Knowing his roots: "To live is hope. In the great scheme of things, I have two kids, they're both full-grown. My son's a lawyer in Sydney, Australia, and my daughter's a professional poker player. I'm a grandfather. So what are you going to do? I have to try to make a better world. That's hope. I get pensive, but you get to choose, and I choose to participate. I choose to participate because my grandfather didn't have the chance to participate when he was my age, because he was a second-class citizen. It was not until 1947 that he could actually vote as a Chinese-Canadian. He always impressed on me the importance of that."


Go left, young man: "Even as a kid, I was pretty politicized. One of the first battles I fought in and won was Medicare in 1962. I mean, who would have thought we'd ever have that? When I was a kid, somebody threw a rock at me and I was blinded in one of my eyes and I had to go to University Hospital in North Battleford. I seem to recall that it was $1,300 that my grandfather had to pay. I remember I had to write out the cheque for him, and that was a tremendous amount of money, that was all his savings. You never forget that."

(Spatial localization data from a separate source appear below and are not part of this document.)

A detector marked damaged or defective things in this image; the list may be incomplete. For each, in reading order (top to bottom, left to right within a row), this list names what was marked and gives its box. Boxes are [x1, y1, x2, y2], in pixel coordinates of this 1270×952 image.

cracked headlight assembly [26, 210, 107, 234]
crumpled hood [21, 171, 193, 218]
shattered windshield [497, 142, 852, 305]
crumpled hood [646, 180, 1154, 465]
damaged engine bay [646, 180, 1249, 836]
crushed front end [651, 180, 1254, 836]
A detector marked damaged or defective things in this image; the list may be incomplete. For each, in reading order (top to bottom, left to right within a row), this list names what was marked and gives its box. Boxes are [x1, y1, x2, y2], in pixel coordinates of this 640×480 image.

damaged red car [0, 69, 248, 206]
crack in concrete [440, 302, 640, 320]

Some things never change: "I graduated from the University of Calgary with an arts degree, and that and two bucks will get you a cup of coffee. I was supposed to be a lawyer, but I got busted. I was named after a lawyer, actually, a man called Sidney Waterman... my grandfather, knowing a bunch of important people, and wanting to bring us kids over, knew that this man was responsible for helping make that happen, so he decided to honour him."

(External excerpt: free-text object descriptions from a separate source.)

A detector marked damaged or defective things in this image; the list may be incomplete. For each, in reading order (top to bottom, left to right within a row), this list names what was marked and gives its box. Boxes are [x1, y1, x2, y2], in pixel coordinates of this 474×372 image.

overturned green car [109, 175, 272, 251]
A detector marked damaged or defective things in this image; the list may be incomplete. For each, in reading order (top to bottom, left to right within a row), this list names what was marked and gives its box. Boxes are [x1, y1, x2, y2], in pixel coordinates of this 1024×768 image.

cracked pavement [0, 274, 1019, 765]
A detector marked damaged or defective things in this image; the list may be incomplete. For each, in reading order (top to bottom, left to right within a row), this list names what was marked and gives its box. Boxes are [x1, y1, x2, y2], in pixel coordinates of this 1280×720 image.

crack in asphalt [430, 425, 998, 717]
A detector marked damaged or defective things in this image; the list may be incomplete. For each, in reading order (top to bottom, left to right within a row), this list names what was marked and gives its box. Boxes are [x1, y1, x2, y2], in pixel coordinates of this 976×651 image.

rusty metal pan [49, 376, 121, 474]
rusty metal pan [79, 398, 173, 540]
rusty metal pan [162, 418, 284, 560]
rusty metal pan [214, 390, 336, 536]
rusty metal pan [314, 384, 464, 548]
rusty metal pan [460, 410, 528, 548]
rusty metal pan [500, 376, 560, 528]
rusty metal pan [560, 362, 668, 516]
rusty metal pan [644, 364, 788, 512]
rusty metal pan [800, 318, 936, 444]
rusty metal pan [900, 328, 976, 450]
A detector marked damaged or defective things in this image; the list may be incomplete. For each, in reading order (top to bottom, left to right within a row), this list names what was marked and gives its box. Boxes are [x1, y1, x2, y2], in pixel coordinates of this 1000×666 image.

Some things never change, part II: "This is my claim to fame in my hometown: I was the first person busted for hash possession.... We were at the University of Calgary, and we had this massive amount of hash and we brought it back to Battleford. Big mistake.... We got busted, and I had to spend a night in jail and think I had to pay a $500 fine, and I think my tuition for school was only $300, so it was a lot. These are things you look back on and, they weren't funny at the time, but you look back and you see that it's kind of funny, and this is the way heaven's meant it to be - just like my grandfather getting his citizenship in 1947 and the Communist Revolution happening in China in 1949. Some things are meant to happen."

Present-day upstanding citizen: "I think in regard to recovering the head tax there's no use negotiating numbers until the government decided to come to the table to negotiate. I've talked to the survivors - and remember, we're talking about a handful of people. There's only three head-taxpayers that I know of in Canada, and I've been working on this 20 years. There's some spouses, women that were separated from their husbands during exclusion from 1923-1947. I believe that they should get some sort of individual recognition and compensation. As for the descendants, the sons and daughters, they can decide what they want, but I think that many of them would be happy with some sort of larger community redress."

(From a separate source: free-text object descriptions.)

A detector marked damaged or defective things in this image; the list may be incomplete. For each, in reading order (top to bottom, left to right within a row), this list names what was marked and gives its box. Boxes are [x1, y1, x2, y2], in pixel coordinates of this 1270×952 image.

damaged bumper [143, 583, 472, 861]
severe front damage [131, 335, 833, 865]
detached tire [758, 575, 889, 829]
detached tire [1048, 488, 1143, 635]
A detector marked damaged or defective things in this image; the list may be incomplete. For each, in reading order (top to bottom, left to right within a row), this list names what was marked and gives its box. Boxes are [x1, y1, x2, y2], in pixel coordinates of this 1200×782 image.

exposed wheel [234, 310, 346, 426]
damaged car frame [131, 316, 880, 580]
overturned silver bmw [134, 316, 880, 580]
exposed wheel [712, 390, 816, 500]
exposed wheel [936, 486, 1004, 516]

Correcting the future: "What we're having trouble with is the recognition. They haven't apologized or anything, they're just throwing money out there and letting us fight for it.... How come the Japanese have received redress? The head tax and exclusion is more current. I don't care about compensation; I'm going after the principle of the tax refund. I believe the 81,000 people who paid the head tax should be commemorated. Because a hundred years from now, their descendants will be claiming, like Americans do with their ancestors who came on the Mayflower: 'My ancestors paid the head tax, and my ancestors got justice.'"

Remembering the past: "Both my grandparents are buried in Battleford, Saskatchewan. I don't really have any loyalty or patriotism to the old country. I was born there but I've never been back... I'm a proud Canadian. One of the reasons I do this is because I'm interested in the story. I don't care about the money, I don't care about the compensation. I want to put the story right. That's what I feel I have to do, as a Canadian."

International wisdom: "This is my grandfather's, but I'll put it in a more literary way: when you exercise your muscles, you build your body; when you exercise your brain, you strengthen your mind; and when you exercise your rights, you reveal your soul."